Anti-spoofing Module

Checks if input is realistic (e.g. computer generated faces)
Configuration: human.config.face.antispoof.enabled
Result: human.result.face[0].real as score

Liveness Module

Checks if input has obvious artifacts due to recording (e.g. playing back phone recording of a face)

Configuration: human.config.face.liveness.enabled
Result: human.result.face[0].live as score

Note

There is a lot of room for improvement, this is just a quick prototype
Contributions are welcome!

1 reply

MaKleSoft Nov 10, 2021
Author

That's amazing! Would you mind elaborating briefly on how the "liveness" score is calculated? You mentioned artifacts - are we talking about things like screen reflection or something more subtle?

vladmandic · 2021-11-10T13:20:47Z

vladmandic
Nov 10, 2021
Maintainer

@MaKleSoft it looks for discontinuity between the foreground object (e.g. phone) and the background (what is behind the phone)
if the phone video presented covers webcam 100%, it doesn't really do anything
but given that on phone cams or webcams the average lens focal length is really wide, that is hard to do in practice

1 reply

MaKleSoft Nov 10, 2021
Author

Interesting! Is there a way to detect screen reflections as well? Because in my tests I found it almost impossible to hold the phone at an angle that didn't result in very obvious reflections. This should also catch instances where someone manages to cover the entire camera region with something like a tablet.

vladmandic · 2021-11-10T13:46:33Z

vladmandic
Nov 10, 2021
Maintainer

well, thats the magic of generic CNN networks - liveness is a very simple model that doesnt define anything really specific, just runs several weighted convolutions and batch normalizations (and activations at the end to get the score)

and what are weights? whatever it was trained on

so if it is like you say that its nearly impossible to avoid obvious reflections, then its already trained on that (even if that was not my intention) :)

biggest issue is that my training dataset for it was really small - 1000 frames from one video of me sitting in front of webcam and one video of the same played back through the phone - i need to get more sample videos and retrain it, this was a quick test and surprised how well it works as-is

1 reply

MaKleSoft Nov 10, 2021
Author

Thanks for taking the time to explain! Now excuse me while I read up on CNN networks so I can actually understand what you just said 😅

MaKleSoft · 2021-11-10T15:02:03Z

MaKleSoft
Nov 10, 2021
Author

Quick question: How did you arrive at the minimum box size of 224 (I assume that's in pixels)? https://github.com/vladmandic/human/blob/main/demo/facerecognition/index.ts#L33 Seems like an oddly specific number 😄.

0 replies

vladmandic · 2021-11-10T15:16:57Z

vladmandic
Nov 10, 2021
Maintainer

every classifier model is trained on specific resolution and faceres that does face descriptor analysis is trained on 224px
so no matter what the detected face size is, it will be resized to 224px anyhow by human before passed to for face descriptor processing

(yes, if face is larger, it will be sharper after resizing, but that is due to camera sensors precision. this is especially true in poor-light conditions)

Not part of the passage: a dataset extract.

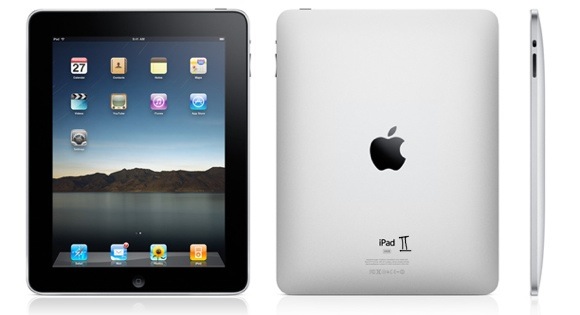 Apple Unveils iPad 2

btw, detector models can be variable resolution, but that only means they perform a lot of matrix ops and resizing and at the end all internal work is again at fixed size. however, classifier models (such as faceres are always fixed resolution)

i could retrain model at higher resolution which would result in higher accuracy, but its a question of performance and size - double the resolution and performance will tank 2x and size will grow 4x (those are just average numbers, real numbers depend on the model internal architecture)

you can see signatures of all models used by human at https://github.com/vladmandic/human/tree/main/models
(that file is auto-generated by my utility)

1 reply

MaKleSoft Nov 10, 2021
Author

Great, that answers my follow-up question as well, which was at which point higher input resolutions would start yielding diminishing returns in terms of accuracy. It also explains why I was getting a lot of false positives with low-resolution reference images (box sizes < 100px).

jacobg · 2021-12-06T13:17:47Z

jacobg
Dec 6, 2021

Please excuse my last message (deleted now). I wrote it quickly because I was in a rush to go somewhere, and now I'm reading this whole thread and it clarifies much of the concern. Your gestures implementation looks very interesting for photo detection.

The valid part of that last message still is that doesn't seem to have caught obvious foreground/background inconsistencies, as shown in screenshot below.

0 replies

vladmandic · 2021-12-06T14:00:43Z

vladmandic
Dec 6, 2021
Maintainer

@jacobg i've written liveness and antispoof modules more as test and they are very simple - there is a lot that can be improved there
still, i run your input and getting slightly different results:

{
  boxScore: 0.9,
  faceScore: 1,
  age: 25.4,
  gender: 'male',
  genderScore: 0.96,
  real: 0.91,
  live: 0.89,
}

2 replies

jacobg Dec 6, 2021

@vladmandic Thanks for the reply. The difference may be that you may have fed my entire screenshot as input, whereas I held the phone in front of the webcam whose video was the input, and then also took a screenshot of the entire screen in order to post to this discussion.

vladmandic Dec 6, 2021
Maintainer

Ive cropped it to remove the text

jacobg · 2021-12-06T14:18:30Z

jacobg
Dec 6, 2021

@vladmandic Have you tested any other liveness detection models such as?
https://github.com/Prem95/realtime-face-liveness-detector
https://github.com/sakethbachu/Face-Liveness-Detection

0 replies

vladmandic · 2021-12-07T02:33:05Z

vladmandic
Dec 7, 2021
Maintainer

@jacobg I haven't spent much time on this as its mostly a side-thing in human

looking at two links you've shared, first one would be easy to implement (contributions are welcome!),
but prepackaging it with human is a no-go as model is ~50MB
and one of design goals for human is to be light-weight as much as possible

and second one is not worth it - looking at model architecture, its extremely simple

0 replies

jacobg · 2021-12-07T02:42:18Z

jacobg
Dec 7, 2021

@vladmandic Thanks for taking a look.

0 replies

jacobg · 2021-12-09T10:21:08Z

jacobg
Dec 9, 2021

Are you finding success in the eye blink gesture detection?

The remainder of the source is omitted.